兵庫県加古川市は、特別定額給付金をオンラインで申請するためのシステム基盤に「kintone」を採用した。
これにより、各家庭へ郵送される申請書に記載された固有番号を活用し、自治体の住民情報と照合することで事務手続きを大幅に省力化すると同時に、申請者の負担を軽減することが可能になるという。
特別定額給付金制度に対しては、個人番号カード(マイナンバーカード)を活用したオンライン申請も始まっているが、マイナンバーでの本人確認ができていても、申請内容が正しいかどうかの判断は自治体側となっている。正しい内容があらかじめ記載された申請書を家庭に送る郵送方式と比べて、申請内容や二重登録の確認に多大な工数がかかっているという。
加古川市では、郵送する用紙に記載した固有の番号を活用することで、申請書に印字するデータをそのままシステムに反映できることに着目し、市民への迅速な給付金の支給と市役所職員の事務作業の負担軽減を目的に、独自に申請フォームを作ることにした。
郵送される給付申請書(左)と加古川市版オンライン申請フォーム(右)
郵送された申請書に記載の「照会番号」、本人確認書類と本人名義の口座情報の画像添付により、スマートフォンやPCからオンライン申請を行うことができる。今回は緊急の対策ということから、市役所職員が数日間でフォームを作り上げ、kintoneのセキュリティ機能を利用することで安全性を担保している。申請フォームはkintoneの連携サービスであるトヨクモの「フォームブリッジ」を使用している。

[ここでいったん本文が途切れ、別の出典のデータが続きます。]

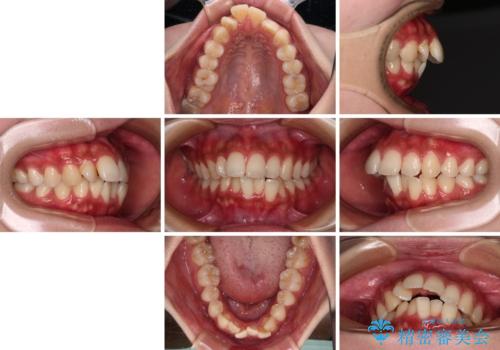 気になる上顎前突 補助装置を用いた抜歯矯正で口元をすっきりとの治療前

今回構築されたシステムのメリットは、マイナンバーカードを所有しなくても申請可能で、必要書類はスマートフォンなどで撮影すれば良く、給付対象者の氏名を入力しなくていいという点がある。振込先口座名などは一覧から選択する形を取り、誤入力を極力排除したフォーム設計となっている。
加古川市版の特別給付金オンライン申請の見込める効果
加古川市の試算では、11万世帯がこのフォームから申請した場合、郵送での申請と比べて事務処理時間が5分の1に削減され、迅速な給付につながるとされている。